Nice. I saw this boat a couple weeks ago at the Fat Boys ramp. Very clean and very cool.


----------



## txslamonice (Aug 6, 2011)

Subscribing, very interested in what is to come. This style of boat exactly what I have been looking for.


----------



## BURTONboy (Feb 23, 2010)

Awesome looking boat. Curious to see what comes up next as well.


----------



## southpaw (Feb 25, 2009)

Very cool concept and love the layout of that. 

Kind of off topic but I followed your nano skiff build thread for a long time over on microskiff. Whatever happened to that build? Any chances you'd be willing to share the table of offsets for that build or possibly even sell plans for that one?


----------



## bslittle79 (May 24, 2004)

Southpaw,

The Nano build was finished and turned out great. So great it might be our first composite mold to be made. For a skiff that two people can lift and put in the back of a truck bed it's very stable and super shallow.


----------



## southpaw (Feb 25, 2009)

bslittle79 said:


> Southpaw,
> 
> The Nano build was finished and turned out great. So great it might be our first composite mold to be made. For a skiff that two people can lift and put in the back of a truck bed it's very stable and super shallow.

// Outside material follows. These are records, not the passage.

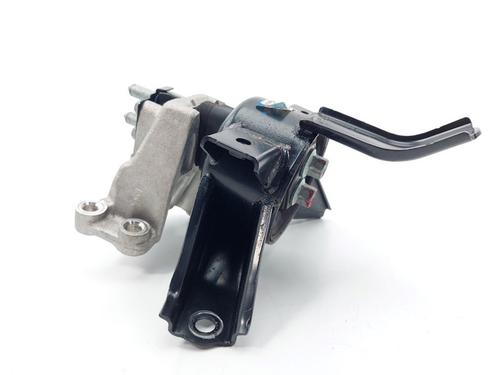 Used Engine mount HYUNDAI i10 III (AC3, AI3) 1.0 MPi (67 hp) 25620275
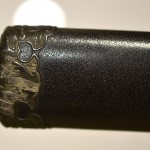 日本刀買取販売　丸英　刀　志津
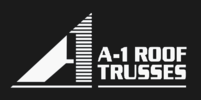 http://www.a1truss.com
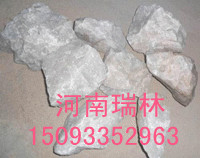 供应普通石英砂 喷砂专用石英砂 耐火材料石英砂 污水处理石英砂图2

Don't want to derail this thread but any pictures of the final product? That was an awesome concept for a skiff


----------



## txfishon (Jul 17, 2006)

*Nice looking ride*

Brian I like the design and concept ... Would make a real nice duck hunting boat and or second boat to be incognito in on pre-fishing days !!

Just as a side note .. You need to draw a funky looking beard or goat on your Avatar  HAHAHAHA

When you want to come test one of those bad boys on Sabine give me a call !!

Freddy


----------